> _Records_:
--*--

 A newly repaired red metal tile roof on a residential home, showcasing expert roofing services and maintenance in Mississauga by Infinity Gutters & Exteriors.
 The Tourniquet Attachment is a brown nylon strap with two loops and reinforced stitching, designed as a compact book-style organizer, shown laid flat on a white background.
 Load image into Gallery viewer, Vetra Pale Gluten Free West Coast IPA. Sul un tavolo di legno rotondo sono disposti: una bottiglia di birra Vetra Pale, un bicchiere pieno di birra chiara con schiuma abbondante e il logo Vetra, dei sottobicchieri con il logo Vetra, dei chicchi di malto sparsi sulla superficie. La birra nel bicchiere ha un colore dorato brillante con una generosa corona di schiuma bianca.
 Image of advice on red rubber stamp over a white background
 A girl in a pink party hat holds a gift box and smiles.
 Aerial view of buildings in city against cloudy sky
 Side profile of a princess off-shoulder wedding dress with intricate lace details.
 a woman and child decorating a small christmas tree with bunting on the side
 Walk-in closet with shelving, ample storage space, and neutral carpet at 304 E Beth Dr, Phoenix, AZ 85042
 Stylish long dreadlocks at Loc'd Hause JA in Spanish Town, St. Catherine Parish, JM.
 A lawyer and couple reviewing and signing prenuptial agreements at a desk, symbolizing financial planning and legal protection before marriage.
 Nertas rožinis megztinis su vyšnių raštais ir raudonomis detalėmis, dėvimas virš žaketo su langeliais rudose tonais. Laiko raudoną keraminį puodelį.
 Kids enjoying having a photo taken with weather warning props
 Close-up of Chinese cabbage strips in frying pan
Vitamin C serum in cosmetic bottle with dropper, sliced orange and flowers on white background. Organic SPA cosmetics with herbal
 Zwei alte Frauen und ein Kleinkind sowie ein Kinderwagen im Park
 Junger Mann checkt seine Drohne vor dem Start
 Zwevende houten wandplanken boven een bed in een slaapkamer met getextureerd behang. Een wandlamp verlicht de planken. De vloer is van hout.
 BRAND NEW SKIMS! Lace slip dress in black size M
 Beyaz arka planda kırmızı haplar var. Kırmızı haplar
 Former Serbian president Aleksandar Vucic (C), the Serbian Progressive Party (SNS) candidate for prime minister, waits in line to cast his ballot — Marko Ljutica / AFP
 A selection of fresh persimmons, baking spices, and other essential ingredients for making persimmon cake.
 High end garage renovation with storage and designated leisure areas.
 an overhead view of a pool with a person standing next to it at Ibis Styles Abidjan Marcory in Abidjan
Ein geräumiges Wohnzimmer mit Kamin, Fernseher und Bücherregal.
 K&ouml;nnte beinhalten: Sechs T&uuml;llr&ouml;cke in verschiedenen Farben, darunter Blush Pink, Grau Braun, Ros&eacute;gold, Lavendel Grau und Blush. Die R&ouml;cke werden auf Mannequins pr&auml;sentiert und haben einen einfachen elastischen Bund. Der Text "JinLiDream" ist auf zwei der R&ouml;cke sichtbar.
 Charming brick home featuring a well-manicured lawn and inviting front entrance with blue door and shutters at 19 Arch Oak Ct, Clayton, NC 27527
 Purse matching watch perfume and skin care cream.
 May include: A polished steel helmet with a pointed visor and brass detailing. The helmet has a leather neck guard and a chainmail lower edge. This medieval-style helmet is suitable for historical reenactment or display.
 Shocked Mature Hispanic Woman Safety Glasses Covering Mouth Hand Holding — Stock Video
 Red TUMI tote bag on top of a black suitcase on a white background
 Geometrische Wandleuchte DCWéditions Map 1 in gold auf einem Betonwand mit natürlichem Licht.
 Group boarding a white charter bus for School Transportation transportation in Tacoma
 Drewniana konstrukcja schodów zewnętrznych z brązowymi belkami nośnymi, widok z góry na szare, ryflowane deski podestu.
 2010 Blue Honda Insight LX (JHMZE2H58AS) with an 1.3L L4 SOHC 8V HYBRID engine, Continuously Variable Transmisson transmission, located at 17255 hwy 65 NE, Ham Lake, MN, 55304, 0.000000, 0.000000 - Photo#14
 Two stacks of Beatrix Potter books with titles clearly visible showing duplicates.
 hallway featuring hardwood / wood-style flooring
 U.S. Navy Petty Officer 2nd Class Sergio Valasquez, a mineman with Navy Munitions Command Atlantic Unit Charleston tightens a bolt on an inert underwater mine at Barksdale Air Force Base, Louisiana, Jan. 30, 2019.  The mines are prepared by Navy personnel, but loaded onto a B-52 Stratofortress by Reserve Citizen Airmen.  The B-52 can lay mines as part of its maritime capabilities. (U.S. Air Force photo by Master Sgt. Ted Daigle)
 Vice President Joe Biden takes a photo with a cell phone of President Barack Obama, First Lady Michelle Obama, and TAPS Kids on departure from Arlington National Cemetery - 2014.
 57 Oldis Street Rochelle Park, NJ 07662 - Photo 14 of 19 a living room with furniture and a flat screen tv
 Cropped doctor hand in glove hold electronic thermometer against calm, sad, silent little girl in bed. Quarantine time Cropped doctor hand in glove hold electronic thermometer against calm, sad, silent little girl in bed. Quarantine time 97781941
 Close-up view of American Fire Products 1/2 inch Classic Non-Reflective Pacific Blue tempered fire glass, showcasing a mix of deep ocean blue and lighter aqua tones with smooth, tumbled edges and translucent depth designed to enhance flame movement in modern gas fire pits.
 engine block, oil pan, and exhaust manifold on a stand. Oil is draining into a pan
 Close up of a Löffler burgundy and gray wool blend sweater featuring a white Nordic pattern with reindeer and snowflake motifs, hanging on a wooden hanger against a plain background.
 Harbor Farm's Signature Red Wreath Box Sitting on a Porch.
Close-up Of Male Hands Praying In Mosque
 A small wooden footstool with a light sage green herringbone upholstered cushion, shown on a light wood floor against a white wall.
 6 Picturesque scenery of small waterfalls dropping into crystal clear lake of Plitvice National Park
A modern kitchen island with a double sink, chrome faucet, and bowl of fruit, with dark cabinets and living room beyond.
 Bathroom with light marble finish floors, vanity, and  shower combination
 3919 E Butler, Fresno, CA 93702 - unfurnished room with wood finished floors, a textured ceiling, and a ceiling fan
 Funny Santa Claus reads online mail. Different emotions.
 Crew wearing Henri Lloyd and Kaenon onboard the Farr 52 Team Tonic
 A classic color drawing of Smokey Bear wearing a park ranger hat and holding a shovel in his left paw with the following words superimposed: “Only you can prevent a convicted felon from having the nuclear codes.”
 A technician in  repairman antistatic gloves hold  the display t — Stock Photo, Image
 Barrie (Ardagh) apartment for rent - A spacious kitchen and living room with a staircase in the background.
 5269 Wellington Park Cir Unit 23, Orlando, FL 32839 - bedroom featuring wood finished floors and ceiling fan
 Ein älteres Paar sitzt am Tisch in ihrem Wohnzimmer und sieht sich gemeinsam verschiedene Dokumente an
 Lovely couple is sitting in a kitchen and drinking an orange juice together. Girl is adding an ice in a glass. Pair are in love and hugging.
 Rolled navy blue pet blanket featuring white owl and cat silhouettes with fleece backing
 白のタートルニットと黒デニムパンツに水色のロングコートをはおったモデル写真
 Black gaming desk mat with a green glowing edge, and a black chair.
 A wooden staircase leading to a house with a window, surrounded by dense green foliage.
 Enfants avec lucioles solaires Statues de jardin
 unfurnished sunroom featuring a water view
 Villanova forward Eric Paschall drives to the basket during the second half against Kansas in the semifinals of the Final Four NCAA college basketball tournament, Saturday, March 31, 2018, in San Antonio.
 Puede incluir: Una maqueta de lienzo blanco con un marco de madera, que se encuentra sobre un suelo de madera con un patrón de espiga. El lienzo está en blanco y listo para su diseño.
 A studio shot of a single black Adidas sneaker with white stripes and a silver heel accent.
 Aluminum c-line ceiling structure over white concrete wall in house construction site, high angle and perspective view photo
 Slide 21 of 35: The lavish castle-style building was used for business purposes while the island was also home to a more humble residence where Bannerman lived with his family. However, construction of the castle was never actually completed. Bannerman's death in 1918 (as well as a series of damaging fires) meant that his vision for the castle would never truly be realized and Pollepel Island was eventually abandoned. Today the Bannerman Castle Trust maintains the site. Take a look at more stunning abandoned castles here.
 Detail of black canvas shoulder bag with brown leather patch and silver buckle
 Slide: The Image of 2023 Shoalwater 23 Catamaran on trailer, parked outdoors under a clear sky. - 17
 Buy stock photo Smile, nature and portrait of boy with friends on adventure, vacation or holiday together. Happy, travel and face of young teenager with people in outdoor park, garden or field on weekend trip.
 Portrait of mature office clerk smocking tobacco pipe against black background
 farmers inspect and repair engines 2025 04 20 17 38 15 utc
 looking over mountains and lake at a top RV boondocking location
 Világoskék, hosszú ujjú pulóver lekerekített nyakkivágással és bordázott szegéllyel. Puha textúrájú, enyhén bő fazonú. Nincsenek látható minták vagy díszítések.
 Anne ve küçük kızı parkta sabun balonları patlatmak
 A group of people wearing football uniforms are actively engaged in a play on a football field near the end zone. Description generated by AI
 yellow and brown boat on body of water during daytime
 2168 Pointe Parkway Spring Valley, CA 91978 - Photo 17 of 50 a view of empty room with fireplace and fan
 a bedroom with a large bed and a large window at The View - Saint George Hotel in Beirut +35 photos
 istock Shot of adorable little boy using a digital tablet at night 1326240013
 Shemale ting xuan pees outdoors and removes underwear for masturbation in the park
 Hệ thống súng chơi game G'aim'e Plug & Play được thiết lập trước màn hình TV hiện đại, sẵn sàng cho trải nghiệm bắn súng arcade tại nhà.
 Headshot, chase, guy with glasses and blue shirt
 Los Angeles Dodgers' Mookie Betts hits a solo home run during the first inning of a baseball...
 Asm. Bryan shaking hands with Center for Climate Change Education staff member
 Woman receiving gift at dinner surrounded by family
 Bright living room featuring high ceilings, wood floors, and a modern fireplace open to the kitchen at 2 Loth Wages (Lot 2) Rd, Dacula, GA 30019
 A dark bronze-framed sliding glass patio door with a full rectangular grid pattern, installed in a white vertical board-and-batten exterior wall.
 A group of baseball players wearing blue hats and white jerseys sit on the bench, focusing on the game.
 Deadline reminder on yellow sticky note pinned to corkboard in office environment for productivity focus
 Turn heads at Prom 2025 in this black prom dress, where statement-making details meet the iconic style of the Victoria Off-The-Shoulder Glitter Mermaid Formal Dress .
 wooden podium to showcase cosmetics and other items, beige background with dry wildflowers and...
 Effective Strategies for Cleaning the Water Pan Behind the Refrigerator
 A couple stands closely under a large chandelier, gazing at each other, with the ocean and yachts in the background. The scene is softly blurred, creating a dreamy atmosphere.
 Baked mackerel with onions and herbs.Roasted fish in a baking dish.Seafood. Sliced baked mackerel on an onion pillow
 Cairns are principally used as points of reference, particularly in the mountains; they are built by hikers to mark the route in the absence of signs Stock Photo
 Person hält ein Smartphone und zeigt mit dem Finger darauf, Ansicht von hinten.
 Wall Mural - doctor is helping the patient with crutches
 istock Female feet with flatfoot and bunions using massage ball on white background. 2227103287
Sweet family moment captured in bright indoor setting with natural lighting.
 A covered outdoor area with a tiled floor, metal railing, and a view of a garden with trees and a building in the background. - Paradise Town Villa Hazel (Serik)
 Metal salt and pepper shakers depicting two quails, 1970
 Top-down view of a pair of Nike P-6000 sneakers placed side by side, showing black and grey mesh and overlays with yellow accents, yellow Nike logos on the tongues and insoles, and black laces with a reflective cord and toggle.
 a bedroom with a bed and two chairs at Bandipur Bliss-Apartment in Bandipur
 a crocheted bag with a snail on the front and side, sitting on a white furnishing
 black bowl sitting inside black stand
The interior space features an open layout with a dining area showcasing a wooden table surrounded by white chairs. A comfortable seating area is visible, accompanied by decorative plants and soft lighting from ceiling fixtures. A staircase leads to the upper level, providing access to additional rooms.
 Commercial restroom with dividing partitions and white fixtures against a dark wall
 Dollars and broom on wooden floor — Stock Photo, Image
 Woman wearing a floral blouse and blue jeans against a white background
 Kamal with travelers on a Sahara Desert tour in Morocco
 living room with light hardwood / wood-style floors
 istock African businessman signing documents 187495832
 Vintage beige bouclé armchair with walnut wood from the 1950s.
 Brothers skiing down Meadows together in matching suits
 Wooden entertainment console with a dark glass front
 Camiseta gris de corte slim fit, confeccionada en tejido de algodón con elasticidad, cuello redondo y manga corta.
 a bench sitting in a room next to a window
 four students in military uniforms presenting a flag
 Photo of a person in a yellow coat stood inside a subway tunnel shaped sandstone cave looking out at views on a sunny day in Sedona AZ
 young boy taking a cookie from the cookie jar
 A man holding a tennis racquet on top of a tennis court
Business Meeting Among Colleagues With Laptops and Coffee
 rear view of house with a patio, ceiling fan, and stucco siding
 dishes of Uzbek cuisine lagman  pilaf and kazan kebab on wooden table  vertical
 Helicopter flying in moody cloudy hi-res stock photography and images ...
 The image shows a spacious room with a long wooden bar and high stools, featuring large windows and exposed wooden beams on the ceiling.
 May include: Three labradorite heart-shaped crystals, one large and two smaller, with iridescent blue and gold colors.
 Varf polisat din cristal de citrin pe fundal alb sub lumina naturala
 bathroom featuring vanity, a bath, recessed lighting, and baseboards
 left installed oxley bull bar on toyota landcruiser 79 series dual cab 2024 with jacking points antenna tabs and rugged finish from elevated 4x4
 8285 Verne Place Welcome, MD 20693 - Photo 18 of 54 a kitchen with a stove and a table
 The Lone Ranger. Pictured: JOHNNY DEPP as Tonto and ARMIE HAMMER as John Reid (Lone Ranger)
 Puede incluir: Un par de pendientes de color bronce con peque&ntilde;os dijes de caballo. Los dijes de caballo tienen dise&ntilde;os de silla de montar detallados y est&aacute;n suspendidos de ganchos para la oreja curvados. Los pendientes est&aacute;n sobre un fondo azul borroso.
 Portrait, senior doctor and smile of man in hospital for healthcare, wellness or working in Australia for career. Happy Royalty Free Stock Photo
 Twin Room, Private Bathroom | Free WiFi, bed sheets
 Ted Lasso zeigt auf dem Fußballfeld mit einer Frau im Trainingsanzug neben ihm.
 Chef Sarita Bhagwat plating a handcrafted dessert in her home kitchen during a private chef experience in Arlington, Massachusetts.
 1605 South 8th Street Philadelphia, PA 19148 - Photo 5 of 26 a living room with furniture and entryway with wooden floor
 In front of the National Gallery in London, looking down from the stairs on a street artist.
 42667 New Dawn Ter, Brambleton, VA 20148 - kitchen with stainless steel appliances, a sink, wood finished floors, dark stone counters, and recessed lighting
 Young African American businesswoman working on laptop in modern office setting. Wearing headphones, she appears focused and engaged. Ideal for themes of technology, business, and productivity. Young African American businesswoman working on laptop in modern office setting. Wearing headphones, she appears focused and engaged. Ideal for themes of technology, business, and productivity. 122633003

--*--

> _Work instructions_: Please copy each line of the records above that holds the word "outdoors".

> _Task output_:
 Slide: The Image of 2023 Shoalwater 23 Catamaran on trailer, parked outdoors under a clear sky. - 17
 Shemale ting xuan pees outdoors and removes underwear for masturbation in the park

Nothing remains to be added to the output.